*TASK GOAL:* Each line in the material below, starting at the one with "1 Bedroom Flat" and ending at the one with "Imagem 14 de", is to be reproduced exactly; no picture is to be copied.

----- RECORDS SHOWN

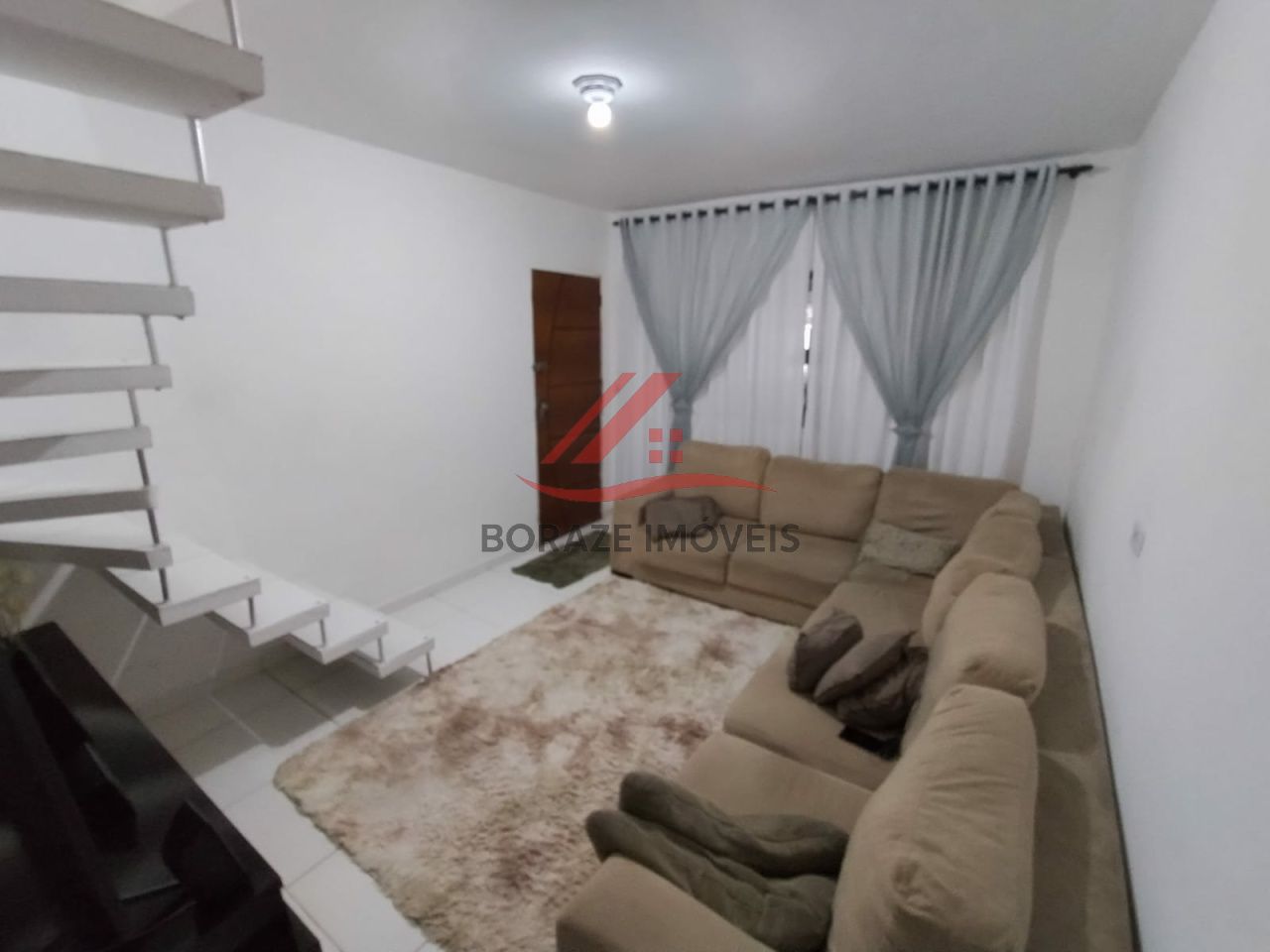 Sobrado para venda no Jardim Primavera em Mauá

----------
----- RECORDS SHOWN

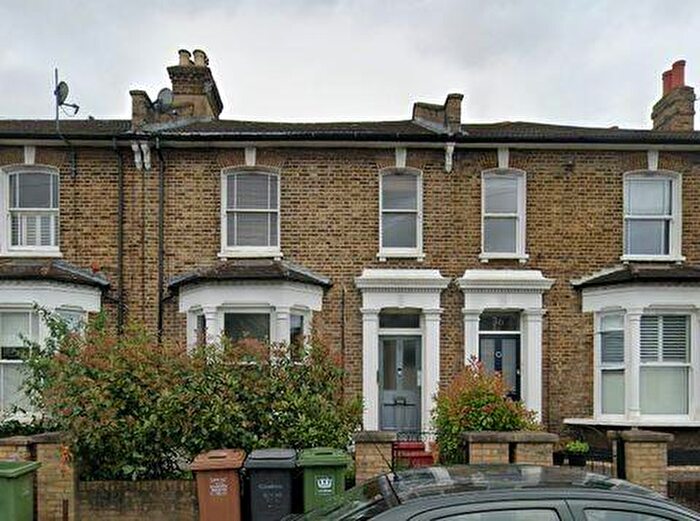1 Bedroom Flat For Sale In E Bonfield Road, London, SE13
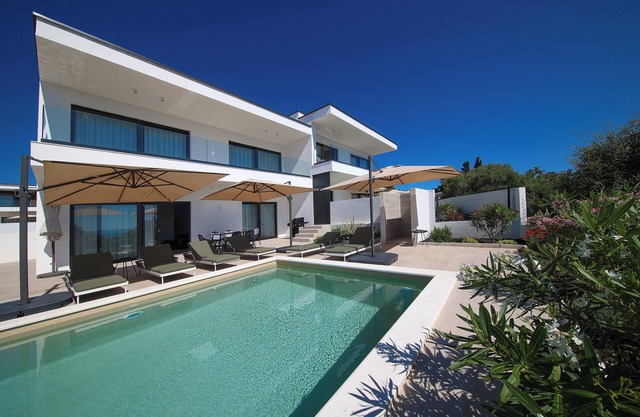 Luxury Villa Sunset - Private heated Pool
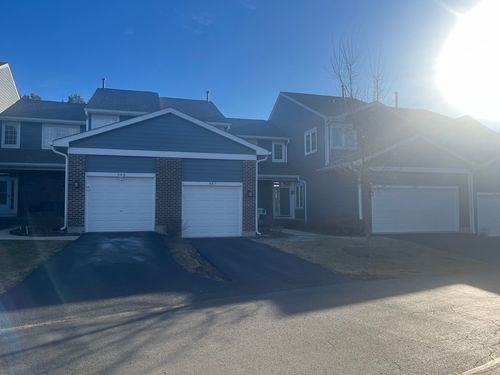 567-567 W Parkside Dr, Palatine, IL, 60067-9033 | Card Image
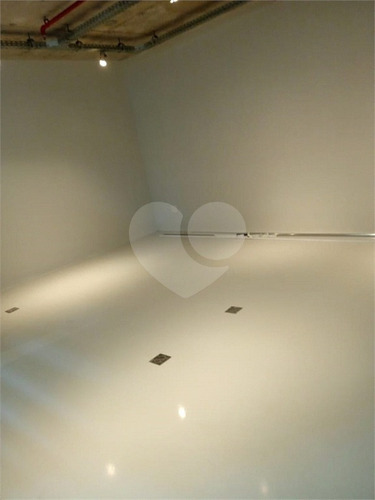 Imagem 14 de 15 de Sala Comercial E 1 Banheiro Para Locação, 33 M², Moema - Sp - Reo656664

----------

*FINISHED EXERCISE:*
1 Bedroom Flat For Sale In E Bonfield Road, London, SE13
 Luxury Villa Sunset - Private heated Pool
 567-567 W Parkside Dr, Palatine, IL, 60067-9033 | Card Image
 Imagem 14 de 15 de Sala Comercial E 1 Banheiro Para Locação, 33 M², Moema - Sp - Reo656664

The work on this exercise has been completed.